I remember reading that Professor Dumbledore once said, "People can be madder at you for being right than being wrong." Well, I think I'm madder at myself for the fact that I wrote a song calling me on all my bullshit. Which makes me think....
Lady Gaga once told Howard Stern that it was completely nerve-wracking for her to make a song public. She said (her words) that, "It was like showing my vagina to everyone." And I get that. I don't have a problem showing my giant scar on my stomach to everyone. However, showing my soul? Well, that's another story. That's a bit difficult.
Since I have been sick for the pass two months, I have basically dropped all human contact outside of the house, and that's not good for me. I don't have a realistic measuring stick of reality.
Now that I am checking this post over, I probably should have added it to my blog instead of posting here. But, oh well. It's not going to hurt anything.
Maybe I need to write a new song. The problem is I haven't been getting out, and I get my best ideas from weird things that happen to me. Maybe I need to join a support group for weird people, and ask them about things that have happened to them for song inspiration?
(Side note: This post is kind of split into two parts. Kind of a before and after. What I wrote above is the "before." And the next part is the after.)

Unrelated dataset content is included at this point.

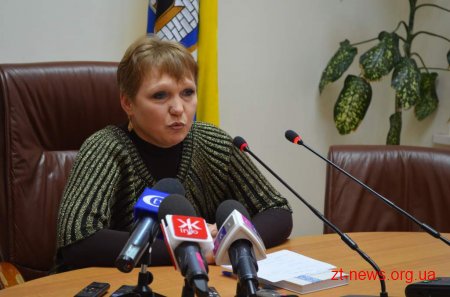 У Житомирі стартував благодійний проект «Банк Добра»
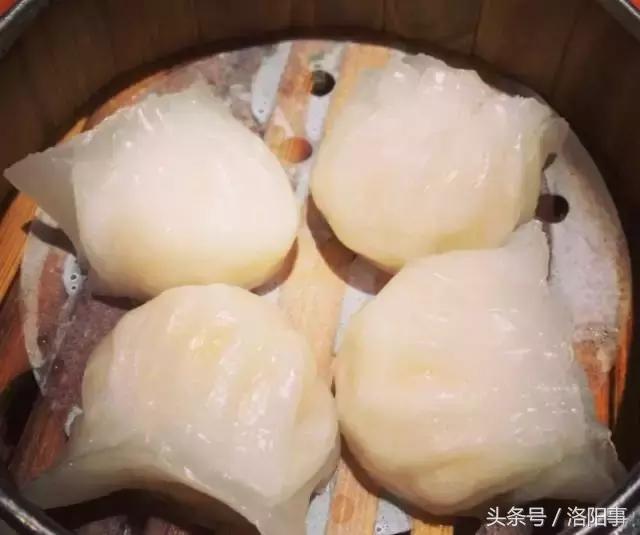 洛阳涧西100以内美食,洛阳美食推荐100元以下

So, I finally got to play my song "Unwind" for a person/victim. I got to play it for my friend Danielle.
She gave me some really great feedback. Namely, people know that I do silly, "out there," songs, as well as some serious songs.
Since this is a serious song, I was not sure how it would go over. However, Danielle felt this was a personal and honest song, and she liked it better than my silly stuff.
Maybe it comes off as a more "professional" song? Maybe it "speaks" to people? Or maybe it's just honest? Either way, I'm going to have to play it out to get more feedback.